Based on the projections two years ago of the Philadelphia-based PFM Group, the city’s financial consultant, applying for distressed status was a possibility. It grew stronger as the deficit’s numbers became clearer in PFM’s financial progress update in March.
“PFM actually did the Act 47 analysis,”city Administrator Ted Wampole said.
The consultant, hired at a cost of $275,000 in combined state grants and city funds, has provided regular updates since it came on board in 2016 under the state’s Early Intervention Program to stabilize the city’s finances.
“The determination was made that we really couldn’t put this off,” Wampole said.
Wampole said the mayor wrestled with the decision over the past several weeks and lost some sleep thinking about it.
George listed a number of factors that influenced his decision: negotiations with two of the four unions are at a standstill, and the firefighters’ union will file arbitration soon for a new contract; $3 million in employee pension obligations; and lack of support from city council to sell the Park & Lock garage for $2 million.

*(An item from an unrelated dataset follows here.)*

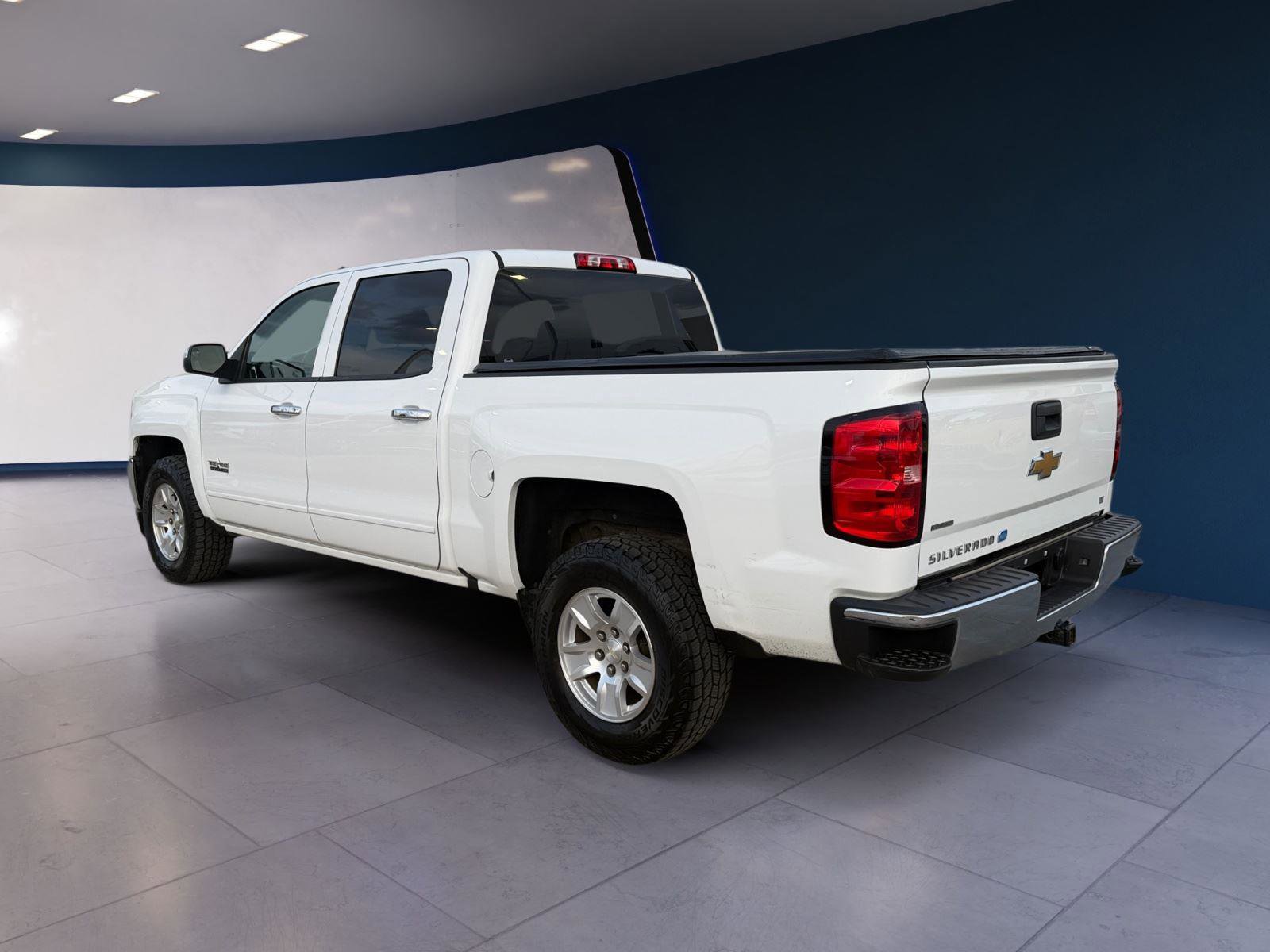 Used 2018 Chevrolet Silverado 1500 LT w/ LT Eassist Package image 3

“My big goal is to bring the city forward and we’re stifled,” George said.
PFM noted that the city has taken steps to control spending and improve its cash flow, “though there’s still a lot of work to do,” it said in the March update.
The consultant outlined a series of measures for the city to take to close the projected deficits next year and beyond. They included wage freezes, changes in health insurance plans, increases in employee health insurance premium contributions and the possible sale of the sewer lines.
PFM also suggested raising property taxes 10 percent, but left it up to the city to determine the extent of the hike.
“Even if the city successfully completes collective bargaining and executes the sewer monetization, there’s still likely to be a gap. What types of revenue increases — primarily a real estate tax increase — do you consider practical?” PFM asked.
The mayor did not include a tax hike in his $49.4 million budget this year and used increases in parking meter and garbage fees to balance it. He said he doesn’t expect support from city council to raise them above the current rate of 141.33 mills. A mil is a $1 tax on every $1,000 of assessed property value. The city is the only municipality in Luzerne County that uses its own assessments.
Upon receipt of the petition, DCED Secretary Dennis Davin will task the Center for Local Government Services with preparing a consultative report to verify that the information presented in the petition for Act 47 is true and accurate, Sarah DeSantis, a department spokeswoman said in an email.
Between two weeks to 30 days later a hearing is set up and the department can present testimony on the results of the report that includes financial and socio-economic data, the email said.
Wampole said the city must meet criteria set by the state in order to be considered distressed. He said the two criteria submitted by the city dealt with recurring deficits. None of the other criteria, including missed payrolls or debt payments, applied Wampole said.
Upon approval, DCED appoints a manager that could be someone from PFM, the Pennsylvania Economy League or another independent organization to put together a financial recovery program that must receive approval by city council. The city would have a maximum of five years to complete the program.
DCED has yet to begin its review of the petition, but city council chairman Tony Brooks approved of the first step taken by the mayor.
“I support the petition,” Brooks said.